Only what runs from the line with "ジルスチュアート　ニットカーティガン JILL by" to the end of the data should appear in the answer, exactly as written and without pictures.

## Data:
------------------------------
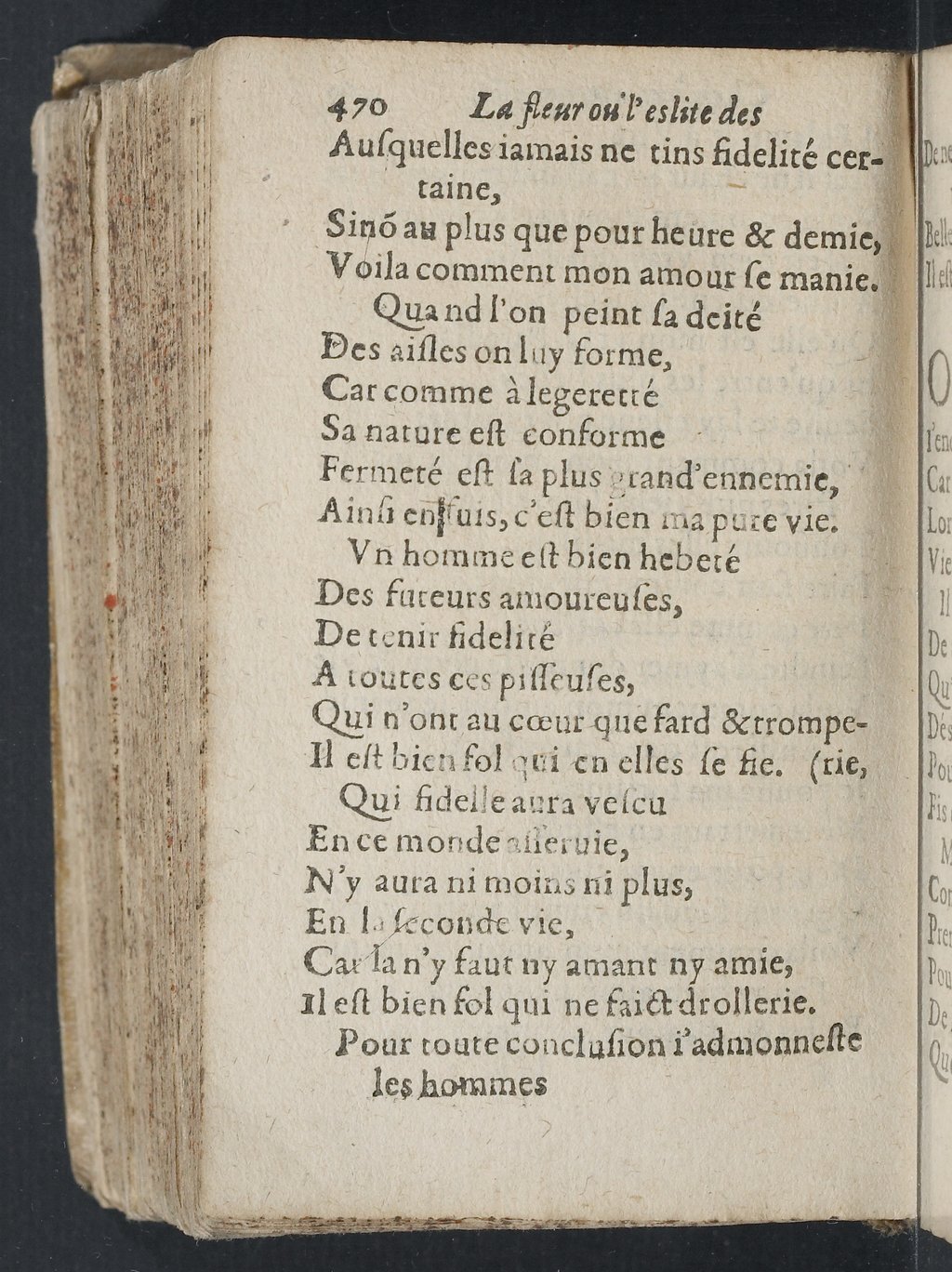 1607 - Pierre Brossart - Trésor des trésors - BnF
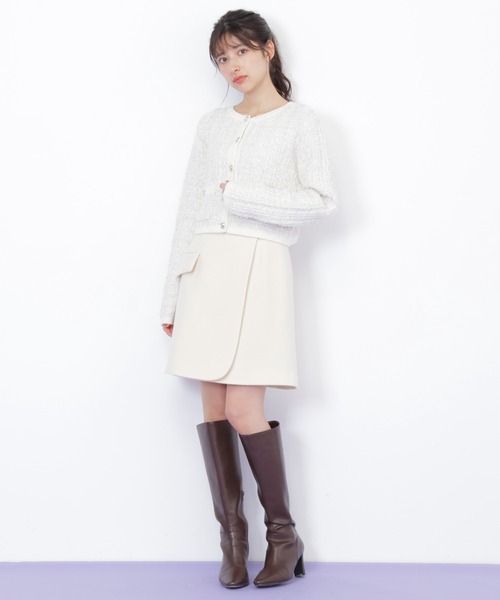 ジルスチュアート　ニットカーティガン JILL by JILL STUART（ジルバイジルスチュアート） ニット セーター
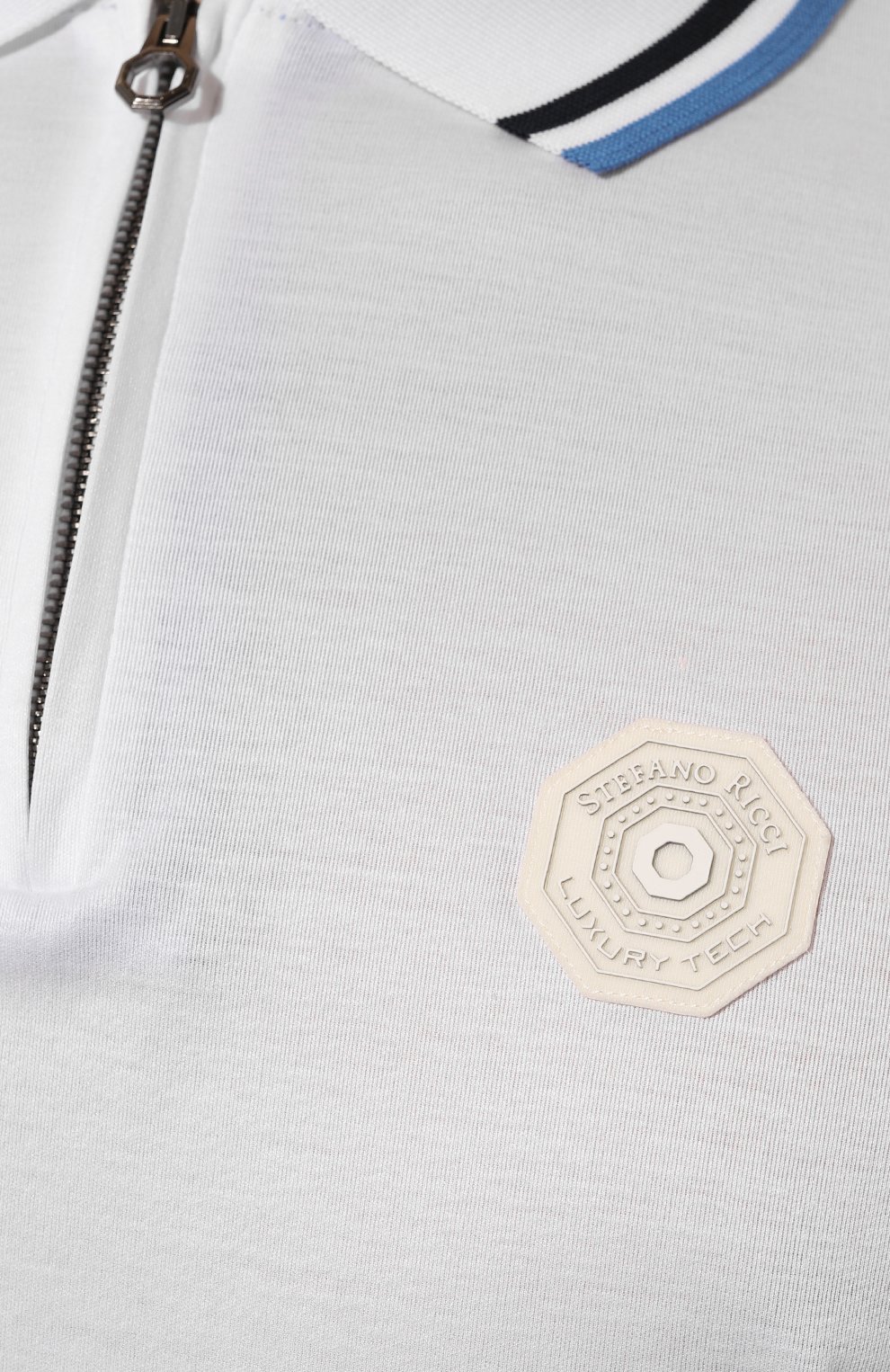 Хлопковое поло STEFANO RICCI, арт. K111037P31/T24258, фото 5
------------------------------
## Result of this task:
 ジルスチュアート　ニットカーティガン JILL by JILL STUART（ジルバイジルスチュアート） ニット セーター
 Хлопковое поло STEFANO RICCI, арт. K111037P31/T24258, фото 5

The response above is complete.